Harmon Mims-Funambulist, Musician, and Photographer

Harmon Mims was born in 1905 and lived a life far from the “proverbial rut,” more like an adventure novel. He enthusiastically embraced learning and changed directions when opportunities presented themselves, and each opportunity developed a new facet of a remarkable life.                                                                                                                 
              As a youngster in Prattville, Harmon had a dream to join the circus and walk the wire. So he taught himself the art of funambulism (wire walking) on his mother’s clothesline. When he moved to Sylacauga at age fifteen to live with his Aunt Emma Mims in her boarding house in Mignon and attend school and work part-time at Avondale Mills, he put up a wire near the Avondale Mills Warehouse and continued to practice. This was in addition to playing football and becoming the quarterback and captain of the team at B.B. Comer School.  Following the examples of famous circus performers, Harmon had the desire to make his act more daring and spectacular so he taught himself to play the trumpet and saxophone so that he could play music as he walked the wire. This in addition to changing clothes as he walked attracted attention, and he performed at various variety shows around Sylacauga that Avondale Mills sponsored.                                                                                                                                    
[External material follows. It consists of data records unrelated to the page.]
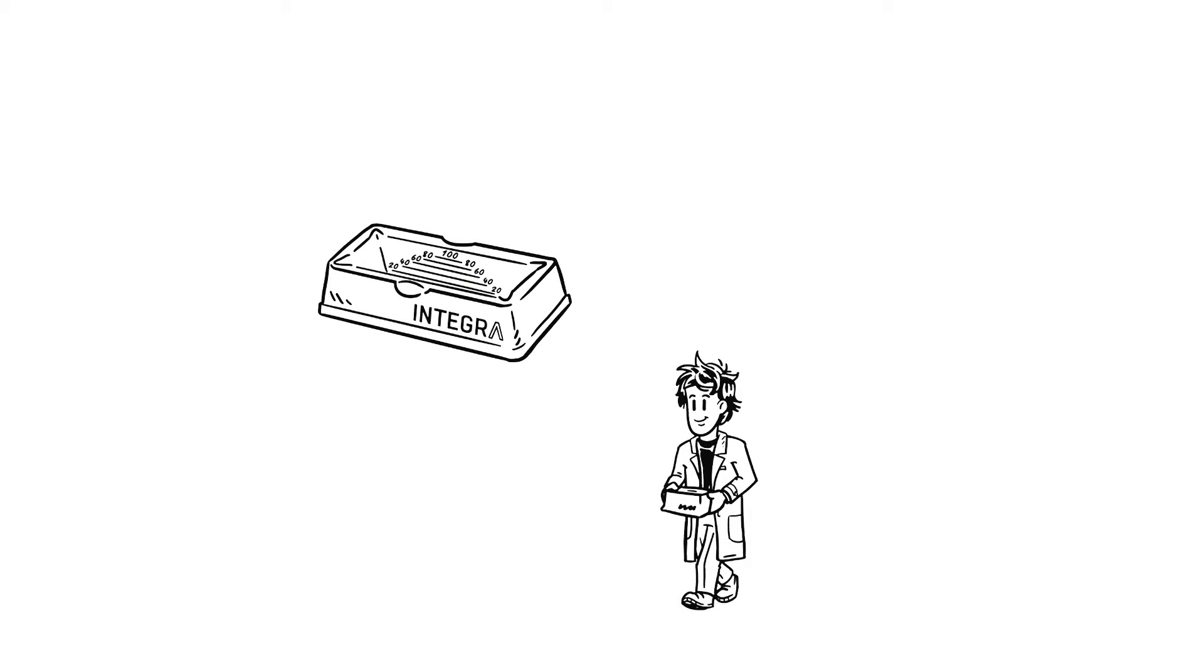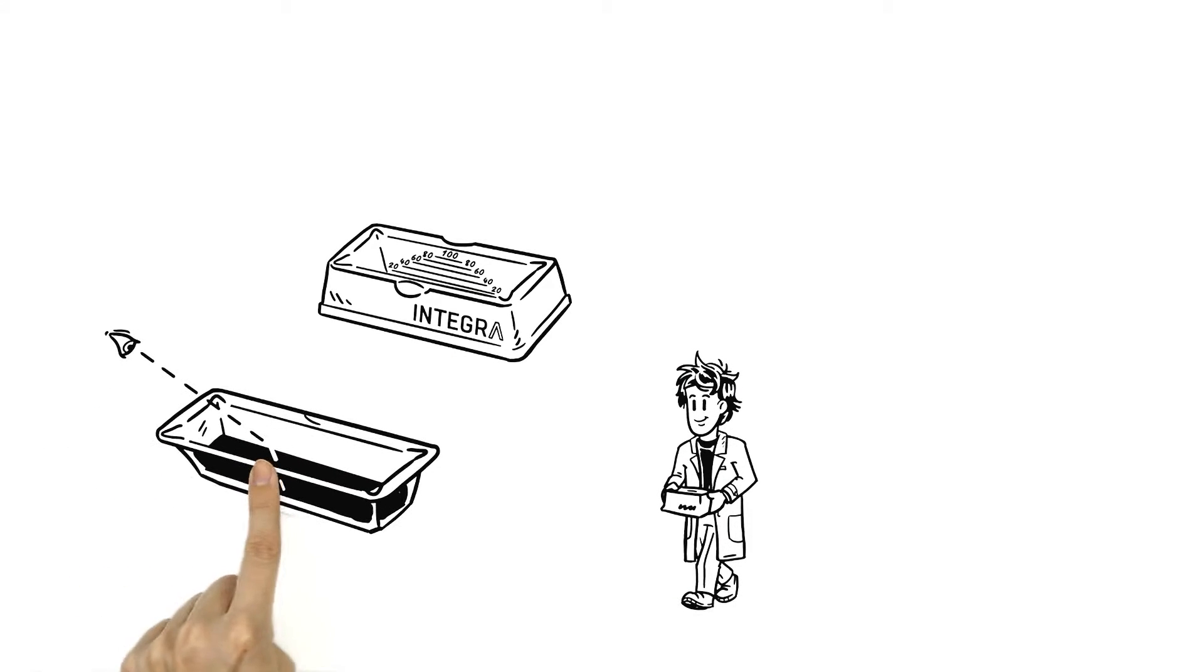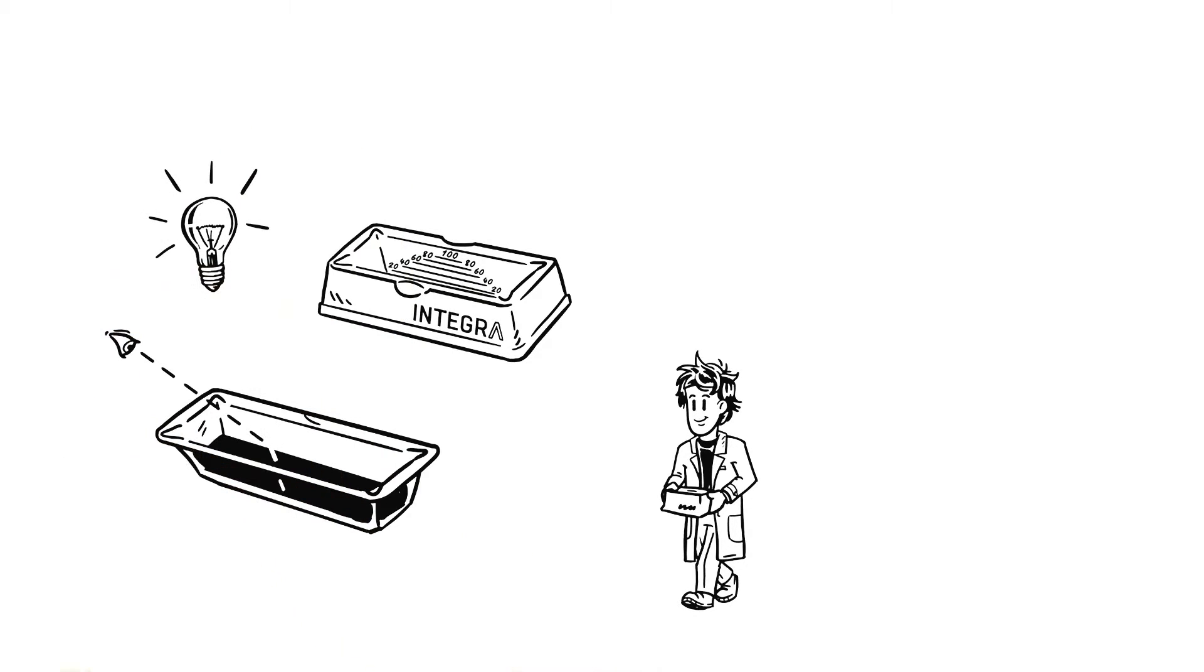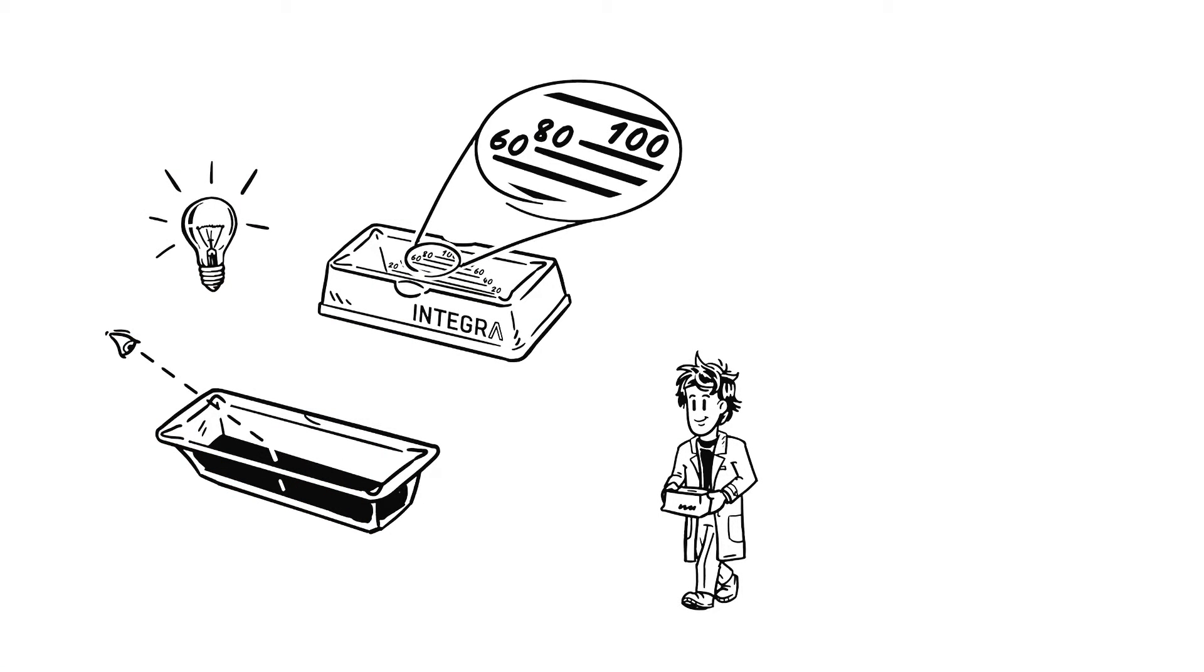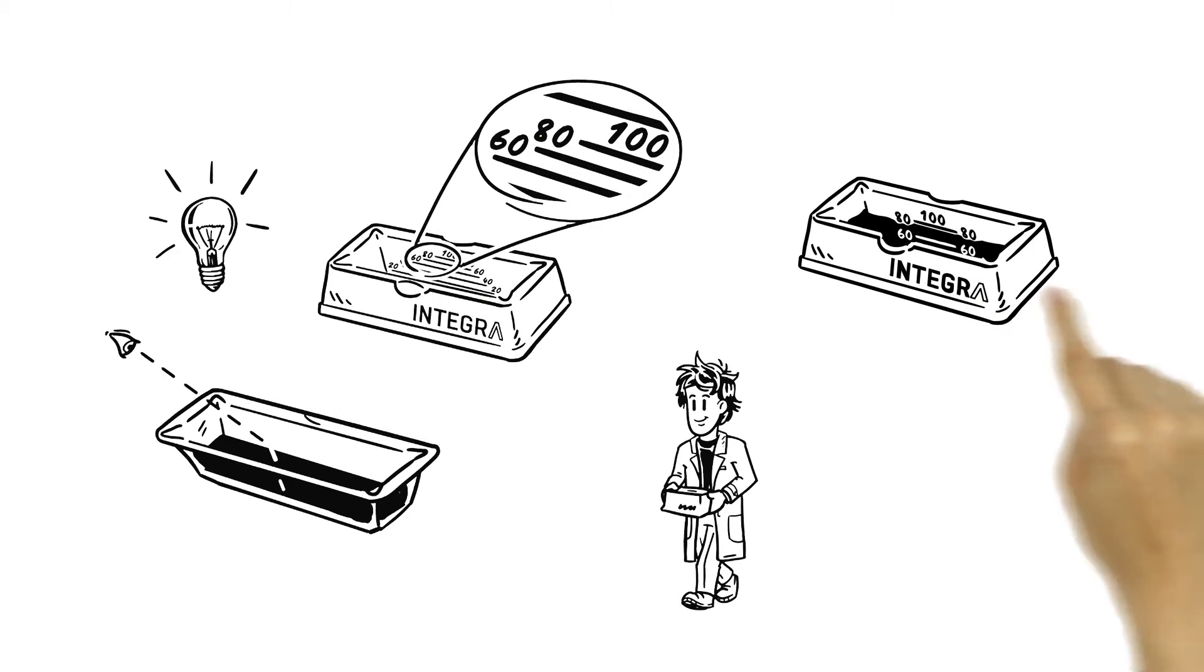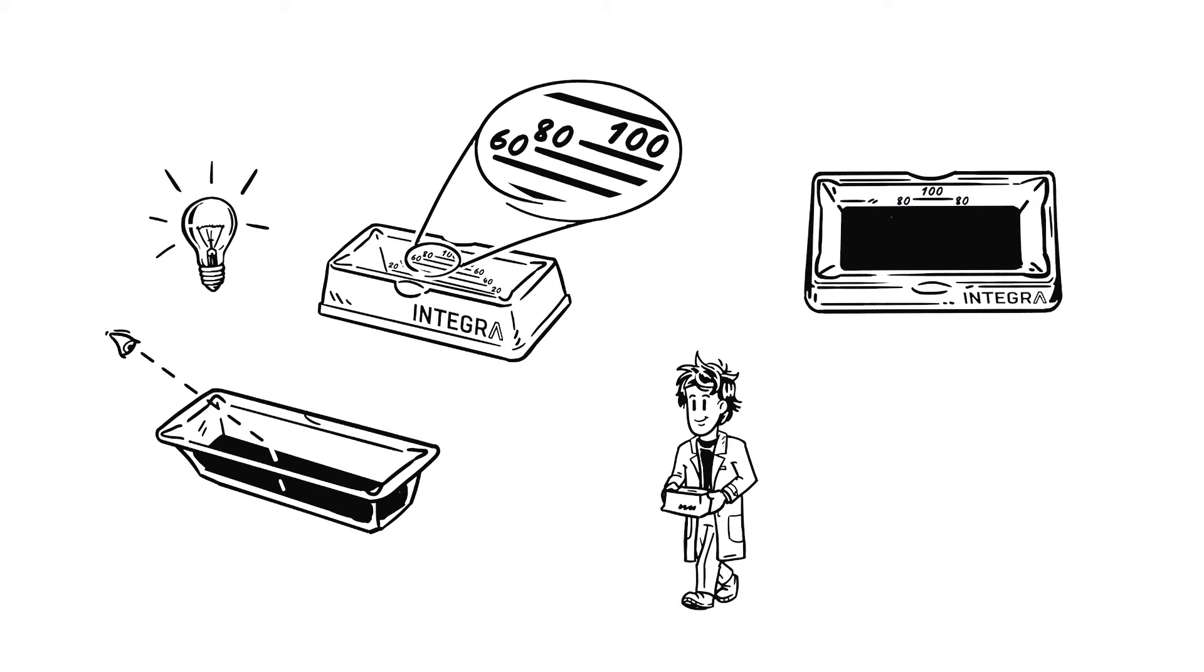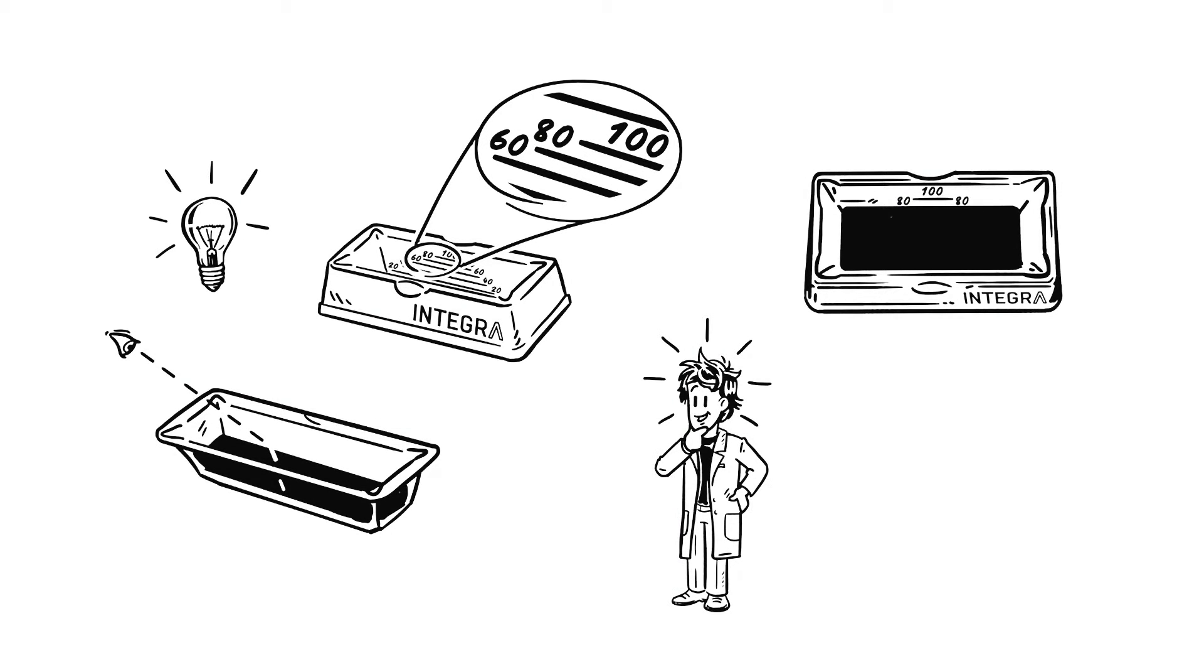The graduation uses the refraction of light on liquid surfaces in an ingenious way that makes it easier to identify the exact volume. Looking from the side, you see all graduations. Looking straight down, you only see the graduations above the liquid. Mason could spend hours gazing at the effect.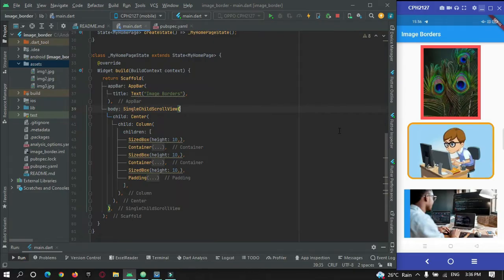Hey guys, welcome to Protocode as Point. In this tutorial, let's learn how to give borders to image widgets in Flutter. I'm making this video tutorial because I got a comment from one of my subscribers asking to make a video tutorial on how to give borders to widgets in Flutter.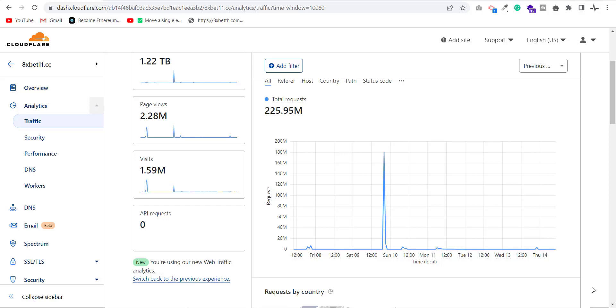Hello guys, this is Sajid back again with a new part of our advanced WordPress security course. In this part, I will talk about DDoS attack.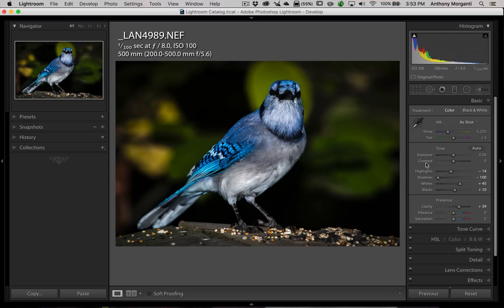You could hold that shift key and adjust just one of these. And those of you that watch my videos know that I have taught how to adjust the white and the black sliders in that manner. But it will also work with the shadow, highlights, contrast, and exposure, and, as I mentioned, tint and temperature. It does not work with any of the present sliders — it only works with all the sliders above the present section.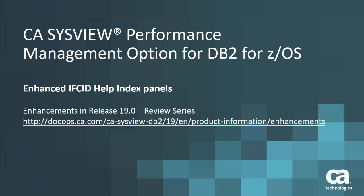Welcome to the Enhancement Review Series for CA SysView for DB2 Release 19. In this session we will discuss the newly updated IFCID Help Index panels.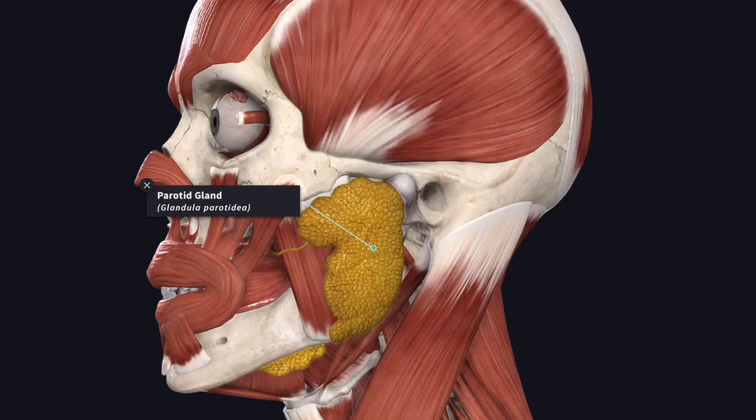In this video we are going to see about the parotid gland. Before going into detail, we will see what are the boundaries for the parotid region which forms a mold or the bed for the parotid gland.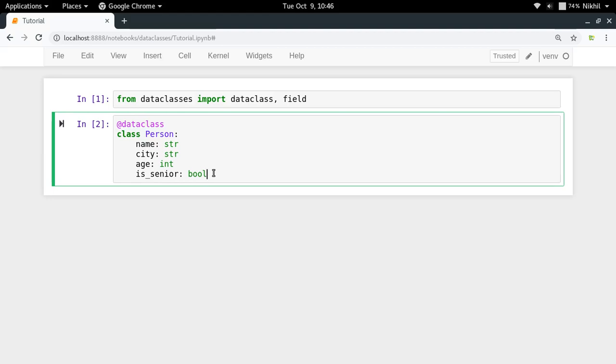I do not provide the value because is_senior is a property which can be obtained by using the value of age itself. That is, if the age is greater than or equal to 60, I can set the value of is_senior as true, otherwise I can set it as false.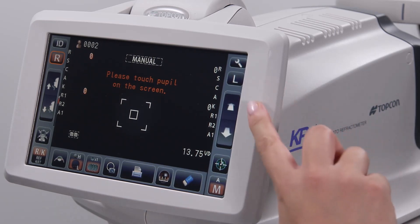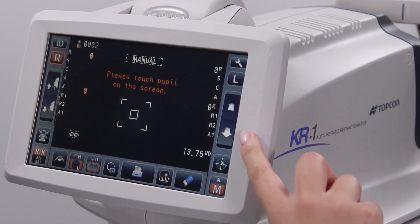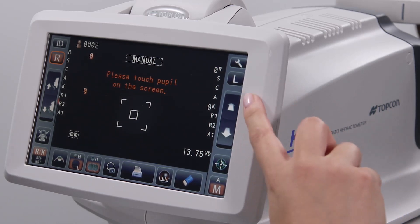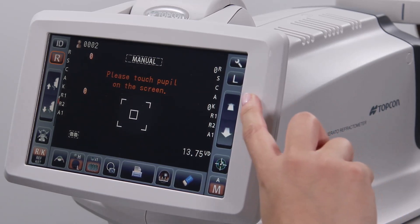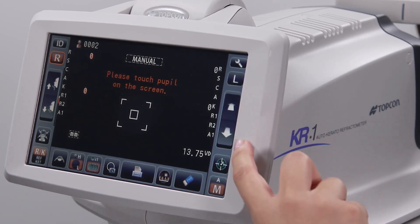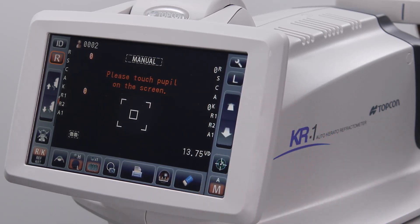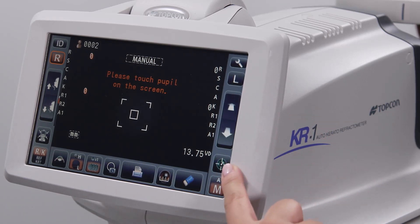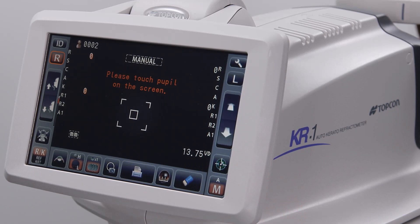The forward and back buttons move the device closer to or further from the patient in order to focus the eye once the pupil has been centered. The capture icon begins data capture when in manual mode, once the eye has been centered and aligned.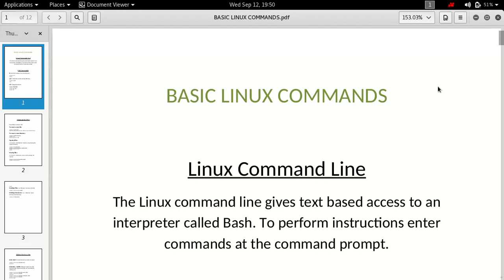In this video I'm going to introduce you to some basic Linux commands. If you want to become a hacker or if you want to familiarize yourself with the Linux family of operating systems — which run on the Linux kernel, like Kali Linux, Ubuntu, or Fedora — then you must be aware of these Linux commands.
             Sallie Howell had been a member of the Mignon Band since she was ten years old; and after their marriage in 1924, Harmon joined, too. He played the bass drum while Sallie continued to play the trumpet. Sally toured with Marge Rainey’s Rhythmetts, an all-female orchestra from Nashville, and also worked in the old Central Mill; but because she was so tiny, she had to have help getting her yarn off the frames. The Mignon band traveled to Florida to entertain there; and Harmon continued to walk the wire. This led to a job offer for Harmon to be Band Director for the Avondale Mills Band. It was not until his first child, Mary, was born that a circus offer finally came for Harmon; but this husband and father turned it down.                          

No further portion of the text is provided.